What the Court actually decided

The first case, FCC v. AT&T, Inc. (No. 25-406), came down 8-1. At its core, AT&T argued that the FCC’s two-stage process for imposing civil forfeiture penalties, where the agency first determines a violation administratively and then enforces the penalty through federal court, violates the Seventh Amendment right to a jury trial.

The Court disagreed. The majority held that because judicial enforcement remains available in federal courts when needed, the mechanism passes constitutional muster.

The ruling also resolved a circuit split that had been creating regulatory chaos. The Fifth Circuit had sided with carriers challenging the FCC’s authority, while the Second and D.C. Circuits had upheld it. That disagreement, involving major carriers like AT&T and Verizon, is now settled.

The second case, Sripetch v. SEC (No. 25-466), was unanimous at 9-0. Justice Neil Gorsuch wrote the opinion, which affirmed the SEC’s power to seek disgorgement of ill-gotten profits without needing to demonstrate that specific investors suffered actual financial losses.

Gorsuch grounded the decision in traditional equitable principles. The idea is straightforward: if someone cheats, you strip them of their net gains. You don’t need to first prove that a specific victim’s bank account shrank by a specific dollar amount.

Why this matters beyond telecom and traditional securities

These rulings arrive in the aftermath of the 2024 SEC v. Jarkesy decision, which had imposed meaningful restrictions on the SEC’s ability to use in-house administrative law judges for certain civil penalty cases. The June 4 decisions effectively counterbalance Jarkesy. While the SEC still faces limits on in-house adjudication for some penalty types, its disgorgement powers are now on firmer legal ground. The Sripetch ruling builds on the framework established in Liu v.
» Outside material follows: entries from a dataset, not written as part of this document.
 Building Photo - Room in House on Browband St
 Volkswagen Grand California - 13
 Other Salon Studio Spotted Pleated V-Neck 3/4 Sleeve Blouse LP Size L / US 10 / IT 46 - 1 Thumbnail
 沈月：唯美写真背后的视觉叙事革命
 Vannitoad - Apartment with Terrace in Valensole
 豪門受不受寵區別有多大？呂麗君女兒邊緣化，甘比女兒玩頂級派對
SEC (2020), which first confirmed disgorgement as a legitimate equitable remedy but capped it at net profits.

For the FCC, the resolved circuit split means telecommunications companies operating nationally can no longer forum-shop for friendlier courts on enforcement challenges. The agency’s penalty authority now applies uniformly across the country.

These rulings follow the overturning of Chevron deference in 2024. The Supreme Court is affirming that while agencies may face new procedural constraints, their fundamental enforcement powers remain intact.

What this means for investors and market participants

The SEC has aggressively pursued disgorgement in cases involving digital asset firms, and the Sripetch ruling removes a key legal defense available to targets of those actions. Previously, a company or individual facing SEC enforcement could argue that if no investors demonstrably lost money, perhaps through a token price recovering after an alleged violation, disgorgement was inappropriate.

That argument is now dead at the Supreme Court level.

The FCC ruling carries its own implications for the broader tech and communications sector. Companies that might have been inclined to challenge agency penalties through aggressive litigation now face a Supreme Court precedent that explicitly endorses the existing enforcement framework.